Os trabalhos braçais eram considerados degradantes pela nobreza colonial nos séculos XVII, XVIII e boa parte do XIX. Devemos destacar que tal preconceito demorou bastante para ser mudado, chegando até o século XX, em algumas camadas mais elevadas da sociedade brasileira. Os escravos eram responsáveis por todas ações que exigissem algum tipo de esforço físico. Qualquer trabalho “mecânico” era tido como vergonhoso. Este pensamento tinha origem no conceito português de nobreza: um dos requisitos para ser nobre era não exercer, nem ter parente ou antepassado que exercesse este tipo de ofício. É curioso observar que havia algumas artes que eram consideradas “neutras”, ou seja, não eram “mecânicas”, como ourivessaria, pintura, escultura, cirurgia, entre outras. Existia assim uma classe intermediária em Portugal, que não era nobre, nem tampouco plebeia. Maria Beatriz Nizza da Silva disseca estas questões no livro “Ser Nobre na Colônia”.
Aqui no Brasil, os títulos de nobreza eram raros, pelo menos até a chegada da Família Real Portuguesa, em 1808, quando D. João VI começou a distribuir honrarias. Formou-se uma casta de “fidalgos”, geralmente sem título, mas com posses, disposta a provar a todo custo seu caráter nobre e distinguir-se da “arraia miúda”. Os excessos tornaram-se regra e contaminaram até as classes sociais mais baixas. Ninguém queria exercer qualquer coisa que lembrasse de longe trabalho ou esforço – estas tarefas eram deixadas aos escravos. Um bom exemplo, era o costume dos senhores e senhoras serem transportados por redes, cadeirinhas ou liteiras, carregados pelos servos.

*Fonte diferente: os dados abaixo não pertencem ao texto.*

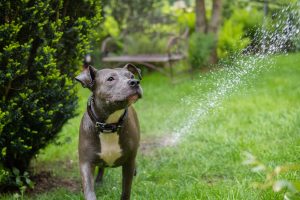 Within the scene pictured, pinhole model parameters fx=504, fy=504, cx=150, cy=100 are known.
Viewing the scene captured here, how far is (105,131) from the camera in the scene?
3689 mm

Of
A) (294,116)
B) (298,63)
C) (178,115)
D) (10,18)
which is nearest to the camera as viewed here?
(10,18)

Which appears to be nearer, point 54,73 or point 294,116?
point 54,73

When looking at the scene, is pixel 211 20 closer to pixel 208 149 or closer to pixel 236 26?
pixel 236 26

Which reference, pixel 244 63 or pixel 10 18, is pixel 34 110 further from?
pixel 244 63

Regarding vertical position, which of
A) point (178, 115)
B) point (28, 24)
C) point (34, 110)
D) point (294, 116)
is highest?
point (28, 24)

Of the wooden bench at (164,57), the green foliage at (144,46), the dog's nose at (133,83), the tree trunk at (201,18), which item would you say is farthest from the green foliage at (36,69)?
the green foliage at (144,46)

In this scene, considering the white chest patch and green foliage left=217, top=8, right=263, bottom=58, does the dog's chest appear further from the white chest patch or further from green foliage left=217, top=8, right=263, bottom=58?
green foliage left=217, top=8, right=263, bottom=58

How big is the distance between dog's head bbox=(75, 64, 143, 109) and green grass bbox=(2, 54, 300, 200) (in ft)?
3.49

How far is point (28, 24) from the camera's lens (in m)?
4.32

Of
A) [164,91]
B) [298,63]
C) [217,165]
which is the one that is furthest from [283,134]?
[298,63]

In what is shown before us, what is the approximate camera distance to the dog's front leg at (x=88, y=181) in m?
3.63

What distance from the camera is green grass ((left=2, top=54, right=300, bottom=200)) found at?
436 cm

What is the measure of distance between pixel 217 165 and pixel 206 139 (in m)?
1.14

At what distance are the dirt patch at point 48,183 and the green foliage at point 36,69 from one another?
0.17 metres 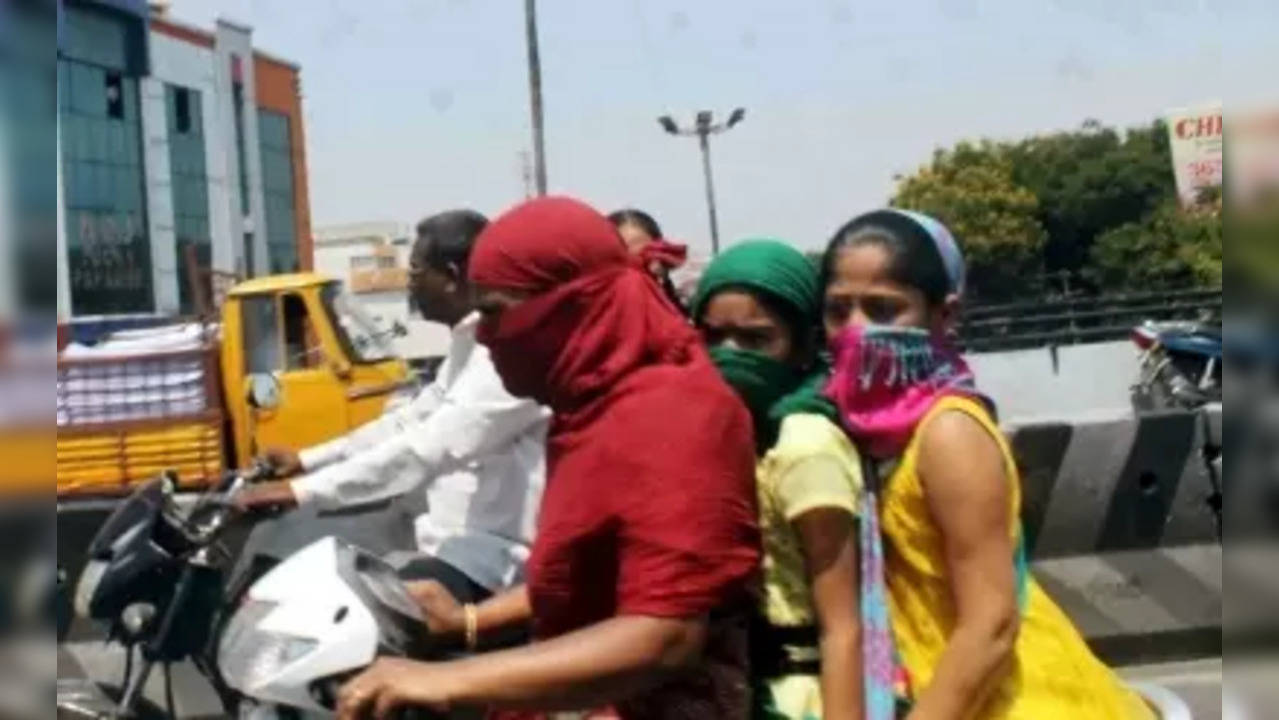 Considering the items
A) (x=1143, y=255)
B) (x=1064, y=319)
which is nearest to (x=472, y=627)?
(x=1064, y=319)

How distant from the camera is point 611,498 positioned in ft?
7.09

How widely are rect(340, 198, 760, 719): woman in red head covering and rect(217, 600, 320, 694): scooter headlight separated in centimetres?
27

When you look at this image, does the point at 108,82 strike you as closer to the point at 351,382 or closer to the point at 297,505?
the point at 351,382

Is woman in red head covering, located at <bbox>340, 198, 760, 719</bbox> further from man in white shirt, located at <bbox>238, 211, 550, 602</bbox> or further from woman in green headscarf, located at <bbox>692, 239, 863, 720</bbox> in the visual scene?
man in white shirt, located at <bbox>238, 211, 550, 602</bbox>

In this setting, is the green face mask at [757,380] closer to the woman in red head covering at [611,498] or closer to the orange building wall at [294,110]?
the woman in red head covering at [611,498]

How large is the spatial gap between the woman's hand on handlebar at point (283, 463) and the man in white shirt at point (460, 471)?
540mm

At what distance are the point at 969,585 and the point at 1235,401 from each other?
27.2 inches

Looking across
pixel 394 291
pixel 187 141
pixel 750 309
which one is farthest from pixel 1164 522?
pixel 187 141

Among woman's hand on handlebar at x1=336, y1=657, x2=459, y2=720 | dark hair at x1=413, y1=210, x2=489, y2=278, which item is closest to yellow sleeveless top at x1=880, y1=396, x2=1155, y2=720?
woman's hand on handlebar at x1=336, y1=657, x2=459, y2=720

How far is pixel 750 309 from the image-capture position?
104 inches

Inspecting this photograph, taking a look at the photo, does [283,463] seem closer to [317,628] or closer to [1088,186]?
[317,628]

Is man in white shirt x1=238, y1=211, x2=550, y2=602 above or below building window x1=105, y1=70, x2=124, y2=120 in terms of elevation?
below

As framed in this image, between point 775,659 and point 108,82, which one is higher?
point 108,82

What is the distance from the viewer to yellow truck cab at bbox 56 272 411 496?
1591 cm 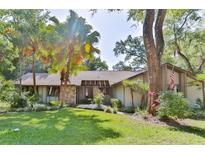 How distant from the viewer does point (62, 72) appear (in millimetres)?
6082

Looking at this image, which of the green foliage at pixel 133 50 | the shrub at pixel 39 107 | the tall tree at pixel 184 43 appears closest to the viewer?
the green foliage at pixel 133 50

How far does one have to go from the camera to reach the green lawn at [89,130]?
4.62 metres

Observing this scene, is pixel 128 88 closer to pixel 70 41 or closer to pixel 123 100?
pixel 123 100

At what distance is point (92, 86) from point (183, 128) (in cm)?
225

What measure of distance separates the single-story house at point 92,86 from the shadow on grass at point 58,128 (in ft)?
1.59

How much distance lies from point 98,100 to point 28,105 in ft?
7.43

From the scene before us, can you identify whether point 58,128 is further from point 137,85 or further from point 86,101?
point 137,85

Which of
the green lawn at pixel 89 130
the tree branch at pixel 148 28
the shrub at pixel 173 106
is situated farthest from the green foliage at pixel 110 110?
the tree branch at pixel 148 28

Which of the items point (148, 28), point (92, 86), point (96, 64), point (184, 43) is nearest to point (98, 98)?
point (92, 86)

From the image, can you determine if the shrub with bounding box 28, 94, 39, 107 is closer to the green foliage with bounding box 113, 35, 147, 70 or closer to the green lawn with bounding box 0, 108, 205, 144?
the green lawn with bounding box 0, 108, 205, 144

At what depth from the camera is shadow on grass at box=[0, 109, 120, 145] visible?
461cm

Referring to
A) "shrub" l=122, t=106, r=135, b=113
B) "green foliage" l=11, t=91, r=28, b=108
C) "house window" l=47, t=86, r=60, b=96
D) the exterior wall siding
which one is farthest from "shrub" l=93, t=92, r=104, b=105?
"green foliage" l=11, t=91, r=28, b=108

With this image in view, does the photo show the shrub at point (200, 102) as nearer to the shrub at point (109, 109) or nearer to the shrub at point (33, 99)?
the shrub at point (109, 109)

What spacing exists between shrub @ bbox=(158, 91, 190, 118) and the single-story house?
44cm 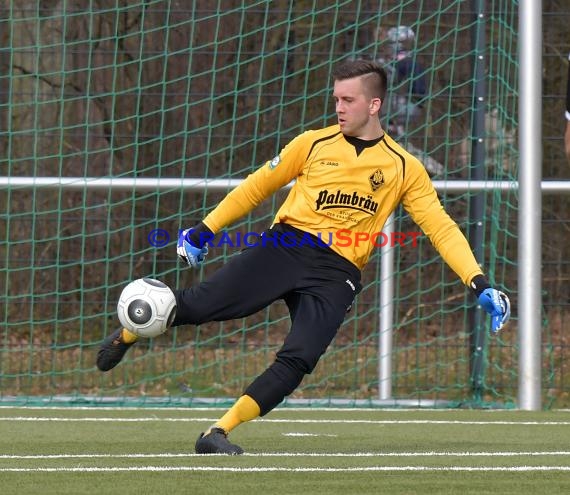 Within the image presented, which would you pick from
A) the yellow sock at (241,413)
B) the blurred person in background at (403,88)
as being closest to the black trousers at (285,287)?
the yellow sock at (241,413)

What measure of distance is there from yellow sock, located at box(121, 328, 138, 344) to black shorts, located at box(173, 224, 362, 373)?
0.24 metres

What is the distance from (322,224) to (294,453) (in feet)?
3.08

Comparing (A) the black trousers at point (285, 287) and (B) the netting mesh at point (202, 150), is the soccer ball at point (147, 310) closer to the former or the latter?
(A) the black trousers at point (285, 287)

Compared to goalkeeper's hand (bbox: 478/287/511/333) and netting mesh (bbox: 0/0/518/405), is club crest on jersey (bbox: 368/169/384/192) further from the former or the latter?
netting mesh (bbox: 0/0/518/405)

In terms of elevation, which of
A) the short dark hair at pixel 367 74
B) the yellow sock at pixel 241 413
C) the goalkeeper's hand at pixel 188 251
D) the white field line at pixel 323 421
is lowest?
the yellow sock at pixel 241 413

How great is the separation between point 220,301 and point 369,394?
3592mm

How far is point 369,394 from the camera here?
30.2 feet

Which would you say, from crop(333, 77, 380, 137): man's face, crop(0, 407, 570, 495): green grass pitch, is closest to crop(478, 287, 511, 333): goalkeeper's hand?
crop(0, 407, 570, 495): green grass pitch

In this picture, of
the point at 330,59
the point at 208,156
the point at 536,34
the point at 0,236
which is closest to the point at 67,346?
the point at 0,236

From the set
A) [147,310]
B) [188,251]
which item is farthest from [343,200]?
[147,310]

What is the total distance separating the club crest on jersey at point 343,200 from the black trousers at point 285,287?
15cm

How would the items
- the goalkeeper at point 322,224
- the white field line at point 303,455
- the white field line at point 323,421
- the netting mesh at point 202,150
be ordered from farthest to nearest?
the netting mesh at point 202,150, the white field line at point 323,421, the goalkeeper at point 322,224, the white field line at point 303,455

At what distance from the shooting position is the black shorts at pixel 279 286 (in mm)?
5773

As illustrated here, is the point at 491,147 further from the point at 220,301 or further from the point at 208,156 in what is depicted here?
the point at 220,301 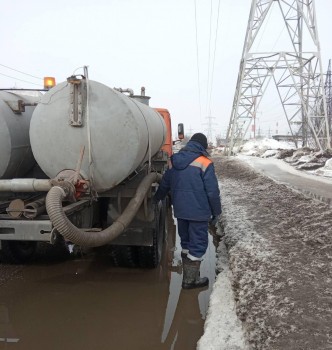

Tais costumes chocavam os estrangeiros que passavam pela Colônia. Era comum que europeus se referissem ao Brasil como o “berço da preguiça”. Os homens se dedicavam a administrar o trabalho dos cativos. Mesmo os mais pobres, quando conseguiam juntar dinheiro, compravam escravos para “colocar a mão na massa”, como diríamos hoje. As mulheres mais ricas ficavam deitadas em suas esteiras, sendo abanadas pelas escravas e quase não se movimentavam. Talvez por isso, ficou tão cristalizada a imagem das robustas senhoras, vestidas com desleixo (como era hábito para ficar em casa), a gritar com as negras para que elas lhes trouxessem uma simples concha d´água ou um xale. As sinhazinhas também viviam no ócio, realizando alguns bordados para o enxoval para ocupar o tempo. A costura e o corte de tecidos ficou sendo um dos trabalhos mais importantes dos escravos de “dentro”, junto com o serviço da casa.
Esta situação acabou se revertendo favoravelmente para a população “de cor” – escrava ou forra – no século XIX. Os ofícios ligados à moda se tornaram bastante valorizados quando os portos brasileiros foram liberados para receber produtos importados, trazendo uma grande variedade de tecidos e outros produtos ligados à indumentária e à beleza. – Márcia Pinna Raspanti
Todo o trabalho “mecânico” era feito pelos escravos: o ócio como símbolo de status (flagrantes de Debret).
Até hoje isso permanece. Não é por acaso que sempre acabam em nada, ou quase nada, as tentativas, por exemplo, de ensino profissionalizante no ensino médio (ou colegial). Mesmo entre as classe mais humildes, um emprego em escritório é sempre mais valorizado do que um emprego braçal, mesmo que a atividade braçal remunere melhor o empregado. Aquela coisa norte-americana de o menino de classe média pegar um trabalho de distribuir jornais, por exemplo, nas férias, para ganhar uns trocados, nem pensar… E, naturalmente, preguiça e arrogância sempre andam de mãos dadas…
Como é importante a leitura do passado para entendermos o presente, costumes sociais e sobretudo expressões que permanecem na língua. E você faz isso de forma atraente, texto enxuto e rico. parabéns.